▶ [WHAT THIS TASK INVOLVES] From the first line to the last, write out the data below exactly.

▶ [DATA RECORDS]
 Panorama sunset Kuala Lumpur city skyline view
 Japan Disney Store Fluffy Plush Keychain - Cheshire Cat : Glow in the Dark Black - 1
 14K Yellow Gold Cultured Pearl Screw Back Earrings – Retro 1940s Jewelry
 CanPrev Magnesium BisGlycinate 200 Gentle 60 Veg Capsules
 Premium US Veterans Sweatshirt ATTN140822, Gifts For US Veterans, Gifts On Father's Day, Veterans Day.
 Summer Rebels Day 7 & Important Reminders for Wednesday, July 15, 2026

▶ [RESPONSE TO THE TASK]
 Panorama sunset Kuala Lumpur city skyline view
 Japan Disney Store Fluffy Plush Keychain - Cheshire Cat : Glow in the Dark Black - 1
 14K Yellow Gold Cultured Pearl Screw Back Earrings – Retro 1940s Jewelry
 CanPrev Magnesium BisGlycinate 200 Gentle 60 Veg Capsules
 Premium US Veterans Sweatshirt ATTN140822, Gifts For US Veterans, Gifts On Father's Day, Veterans Day.
 Summer Rebels Day 7 & Important Reminders for Wednesday, July 15, 2026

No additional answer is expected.